Peter Clark

Personal information
- Full name: Peter James Clark
- Date of birth: 10 December 1979 (age 46)
- Place of birth: Romford, England
- Height: 1.85 m (6 ft 1 in)
- Position: Defender

Team information
- Current team: Newcastle United (scout)

Youth career
- 1996–1998: Arsenal

Senior career*
- Years: Team / Apps / (Gls)
- 1998–2000: Carlisle United / 79 / (1)
- 2000–2003: Stockport County / 72 / (3)
- 2002: → Mansfield Town (loan) / 4 / (0)
- 2003–2004: Northampton Town / 6 / (0)
- Total:  / 161 / (4)

= Peter Clark (footballer, born 1979) =

English footballer and scout

Peter James Clark (born 10 December 1979) is an English former professional footballer and football scout who works for Premier League club Newcastle United.

As a player, he was a defender and made 161 appearances in the English Football League for Carlisle United, Stockport County, Mansfield Town and Northampton Town.

After retiring as a player, Clark moved into recruitment and spent more than 16 years with Arsenal, eventually becoming the club's head of UK scouting. He left Arsenal in 2020 and joined Newcastle United's recruitment operation in 2023.

==Playing career==

===Arsenal and Carlisle United===

Born in Romford, Clark began his career as a trainee with Arsenal. He did not make a league appearance for Arsenal before leaving the club in 1998.

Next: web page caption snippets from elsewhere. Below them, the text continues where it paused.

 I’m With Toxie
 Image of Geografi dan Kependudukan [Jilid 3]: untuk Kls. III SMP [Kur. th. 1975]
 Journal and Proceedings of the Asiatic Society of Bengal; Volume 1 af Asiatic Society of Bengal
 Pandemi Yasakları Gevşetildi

Clark joined Carlisle United on 6 August 1998. He became a regular in the first team, making 79 league appearances and scoring once during his two seasons at Brunton Park.

Clark was part of the Carlisle side involved in one of the most notable finishes to a Football League season. On 8 May 1999, he played against Plymouth Argyle in Carlisle's final match of the 1998–99 season. With Carlisle needing a victory to avoid relegation from the Football League, goalkeeper Jimmy Glass scored from a corner deep into stoppage time to secure a 2–1 win and preserve the club's league status.

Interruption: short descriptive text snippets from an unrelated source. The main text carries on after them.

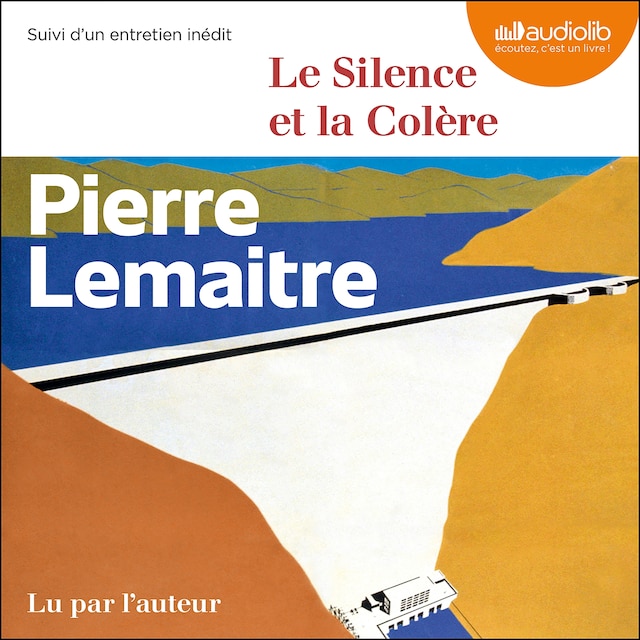 Couverture de livre pour Le Silence et la Colère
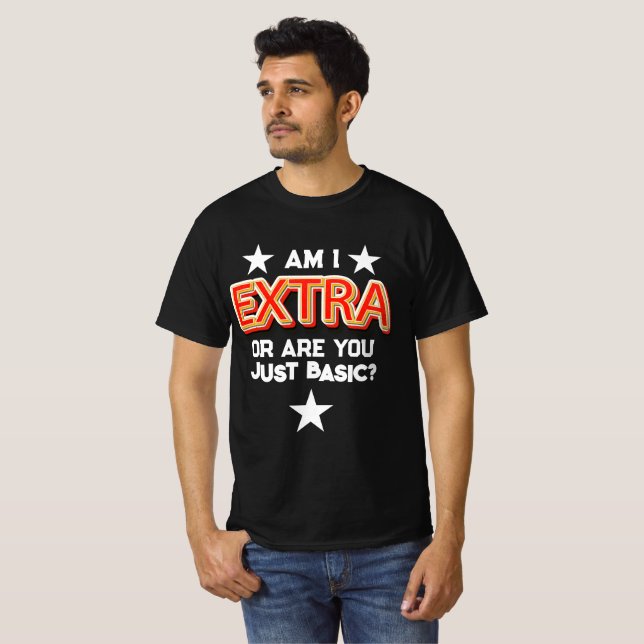 Am I Extra T-Shirt (Front Full)
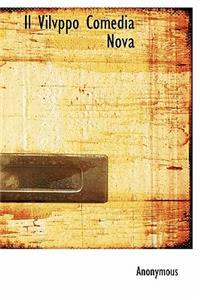 Il Vilvppo Comedia Nova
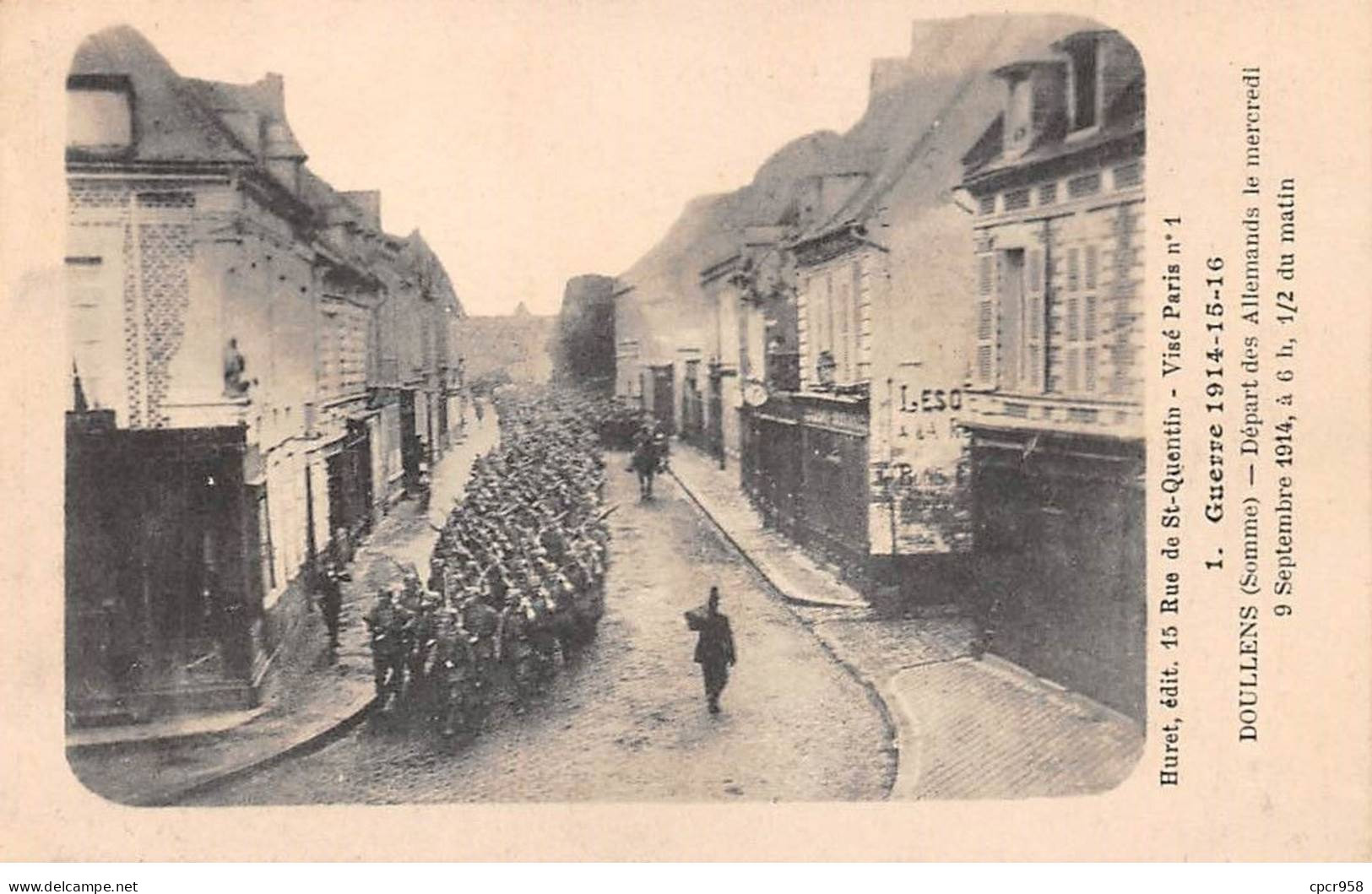 80 - DOULLENS - SAN33644 - Départ Des Allemands Le Mercredi - 9 Septembre 1914 - Doullens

===Stockport County and Mansfield Town===

In July 2000, Clark joined Stockport County. He made 72 league appearances and scored three goals during three seasons with the club.

During the 2002–03 season, Clark spent a month on loan at Mansfield Town, joining the club in September 2002. He made four league appearances during the loan spell.

===Northampton Town===

Clark left Stockport in June 2003 and joined Northampton Town for an undisclosed fee. He made six league appearances during the 2003–04 season.

His time at Northampton was affected by injury, and he subsequently retired from professional football.

==Scouting career==

===Arsenal===

Following the end of his playing career, Clark returned to Arsenal and moved into scouting. He later became the club's head of UK scouting.

In August 2020, Clark left Arsenal as part of a restructuring of the club's recruitment operation. Head of international scouting Francis Cagigao and scout Brian McDermott were among the other senior scouting staff to leave the club.

Arsenal technical director Edu subsequently said that the changes were intended to create a smaller recruitment department working more closely together and making greater use of the club's data and analytics resources.

===Newcastle United===

In 2023, Clark joined Newcastle United as part of the club's recruitment operation. He works as a scout for the club.